Most of methods described in this book are based on the following publications:

Some other relevant publications / books on the subject of Predictive Soil Mapping and Data Science in general include:

Readers are also encouraged to obtain and study the following R books before following some of the more complex exercises in this book:

For the most recent developments in the R-spatial community refer to https://r-spatial.github.io, the R-sig-geo mailing list and/or https://opengeohub.org.

## Contributions

This book is designed to be constantly updated and contributions are always welcome (through pull requests, but also through adding new chapters) provided that some minimum requirements are met. To contribute a new chapter please contact the editors first. Some minimum requirements to contribute a chapter are:

1. The data needs to be available for the majority of tutorials presented in a chapter. It is best if this is via some R package or web-source.
2. A chapter should ideally focus on implementing some computing in R (it should be written as an R tutorial).
3. All examples should be computationally efficient requiring not more than 30 secs of computing time per process on a single core system.
4. The theoretical basis for methods and interpretation of results should be based on peer-review publications. This book is not intended to report on primary research / experimental results, but only to supplement existing research publications.
5. A chapter should consist of at least 1500 words and at most 3500 words.
6. The topic of the chapter must be closely connected to the theme of soil mapping, soil geographical databases, methods for processing spatial soil data and similar.

In principle, all submitted chapters should follow closely also the five pillars of Wikipedia, especially: Verifiability, Reproducibility, No original research, Neutral point of view, Good faith, No conflict of interest, and No personal attacks.

## Reproducibility

To reproduce the book, you need a recent version of R, and RStudio and up-to-date packages, which can be installed with the following command (which requires devtools):

devtools::install_github("Envirometrix/PSMpkg")
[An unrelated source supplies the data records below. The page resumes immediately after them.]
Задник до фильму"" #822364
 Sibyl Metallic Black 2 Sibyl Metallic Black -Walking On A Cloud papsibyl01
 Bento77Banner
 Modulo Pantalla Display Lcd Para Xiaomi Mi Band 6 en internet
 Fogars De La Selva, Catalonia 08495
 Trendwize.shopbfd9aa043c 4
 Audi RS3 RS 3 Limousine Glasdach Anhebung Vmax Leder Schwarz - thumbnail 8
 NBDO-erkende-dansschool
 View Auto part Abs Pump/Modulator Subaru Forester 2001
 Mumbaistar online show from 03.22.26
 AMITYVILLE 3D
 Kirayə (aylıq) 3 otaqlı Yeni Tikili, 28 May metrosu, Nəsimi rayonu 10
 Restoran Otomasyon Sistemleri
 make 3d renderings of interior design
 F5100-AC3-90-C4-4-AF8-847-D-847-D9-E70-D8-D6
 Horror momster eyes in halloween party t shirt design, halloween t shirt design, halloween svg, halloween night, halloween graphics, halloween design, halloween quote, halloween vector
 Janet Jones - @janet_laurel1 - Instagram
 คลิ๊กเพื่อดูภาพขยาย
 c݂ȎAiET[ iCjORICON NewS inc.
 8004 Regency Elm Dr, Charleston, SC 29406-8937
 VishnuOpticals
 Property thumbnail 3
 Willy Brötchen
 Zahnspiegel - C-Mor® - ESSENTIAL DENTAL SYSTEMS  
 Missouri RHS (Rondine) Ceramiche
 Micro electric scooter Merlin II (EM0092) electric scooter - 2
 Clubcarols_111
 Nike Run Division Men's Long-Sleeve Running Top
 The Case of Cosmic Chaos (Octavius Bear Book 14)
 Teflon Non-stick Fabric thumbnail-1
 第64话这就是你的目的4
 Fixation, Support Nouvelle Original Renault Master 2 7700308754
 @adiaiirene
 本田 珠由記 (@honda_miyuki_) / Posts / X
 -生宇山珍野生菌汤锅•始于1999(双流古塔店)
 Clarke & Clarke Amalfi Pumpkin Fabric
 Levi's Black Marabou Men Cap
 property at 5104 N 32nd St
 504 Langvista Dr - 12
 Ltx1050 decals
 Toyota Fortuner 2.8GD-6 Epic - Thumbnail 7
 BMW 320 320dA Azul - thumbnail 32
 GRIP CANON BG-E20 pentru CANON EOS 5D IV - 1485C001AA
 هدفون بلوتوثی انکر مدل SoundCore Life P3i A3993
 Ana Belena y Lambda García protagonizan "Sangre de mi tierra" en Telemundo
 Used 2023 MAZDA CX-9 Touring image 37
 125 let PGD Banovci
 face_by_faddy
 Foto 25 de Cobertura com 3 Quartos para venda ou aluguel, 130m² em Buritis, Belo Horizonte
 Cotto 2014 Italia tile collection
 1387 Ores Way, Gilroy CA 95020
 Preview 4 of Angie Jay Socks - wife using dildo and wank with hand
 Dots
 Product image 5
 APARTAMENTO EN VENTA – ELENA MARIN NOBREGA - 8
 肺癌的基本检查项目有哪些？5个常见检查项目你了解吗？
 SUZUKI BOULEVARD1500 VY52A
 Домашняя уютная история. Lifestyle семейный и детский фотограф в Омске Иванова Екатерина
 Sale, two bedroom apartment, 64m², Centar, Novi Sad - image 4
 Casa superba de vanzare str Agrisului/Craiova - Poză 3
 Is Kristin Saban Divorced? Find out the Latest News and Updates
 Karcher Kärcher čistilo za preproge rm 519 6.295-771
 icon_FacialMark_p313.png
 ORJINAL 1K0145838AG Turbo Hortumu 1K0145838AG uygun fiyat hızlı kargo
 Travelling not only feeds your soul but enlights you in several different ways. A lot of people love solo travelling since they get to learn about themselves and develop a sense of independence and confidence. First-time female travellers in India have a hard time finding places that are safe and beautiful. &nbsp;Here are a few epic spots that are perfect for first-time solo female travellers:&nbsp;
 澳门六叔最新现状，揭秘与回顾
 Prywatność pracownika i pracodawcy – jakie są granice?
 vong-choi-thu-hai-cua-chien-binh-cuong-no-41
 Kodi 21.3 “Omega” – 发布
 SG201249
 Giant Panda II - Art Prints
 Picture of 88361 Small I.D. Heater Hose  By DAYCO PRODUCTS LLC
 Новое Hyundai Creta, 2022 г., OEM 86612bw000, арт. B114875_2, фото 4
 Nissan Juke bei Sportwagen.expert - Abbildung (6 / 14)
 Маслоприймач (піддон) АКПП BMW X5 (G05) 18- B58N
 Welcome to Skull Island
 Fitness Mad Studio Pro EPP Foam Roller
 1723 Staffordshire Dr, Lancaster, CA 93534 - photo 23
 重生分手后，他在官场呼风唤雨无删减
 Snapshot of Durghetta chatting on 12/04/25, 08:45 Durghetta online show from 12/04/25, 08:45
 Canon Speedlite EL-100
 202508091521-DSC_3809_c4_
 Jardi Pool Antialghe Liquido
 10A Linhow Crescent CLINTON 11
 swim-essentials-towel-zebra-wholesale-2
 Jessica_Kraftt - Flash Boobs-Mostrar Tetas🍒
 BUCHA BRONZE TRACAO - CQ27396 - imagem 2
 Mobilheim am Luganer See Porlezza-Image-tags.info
To build the book locally, clone or download the PredictiveSoilMapping repo, load R in root directory (e.g. by opening PredictiveSoilMapping.Rproj in RStudio) and run the following lines:

bookdown::render_book("index.Rmd") # to build the book
browseURL("docs/index.html") # to view it

## Acknowledgements

The authors are grateful for numerous contributions from colleagues around the world, especially for contributions by current and former ISRIC — World Soil Information colleagues and guest researchers: Gerard Heuvelink, Johan Leenaars, Jorge Mendes de Jesus, Wei Shangguan, David G. Rossiter, and many others. The authors are also grateful to Dutch and European citizens for financing ISRIC and Wageningen University, where work on this book was initially started. The authors acknowledge support received from the AfSIS project, which was funded by the Bill and Melinda Gates Foundation (BMGF) and the Alliance for a Green Revolution in Africa (AGRA). Many soil data processing examples in the book are based on R code developed by Dylan Beuadette, Pierre Roudier, Alessandro Samuel Rosa, Marcos E. Angelini, Guillermo Federico Olmedo, Julian Moeys, Brendan Malone, and many other developers. The authors are also grateful to comments and suggestions for improvements to the methods presented in the book by Travis Nauman, Amanda Ramcharan, David G. Rossiter and Julian Moeys.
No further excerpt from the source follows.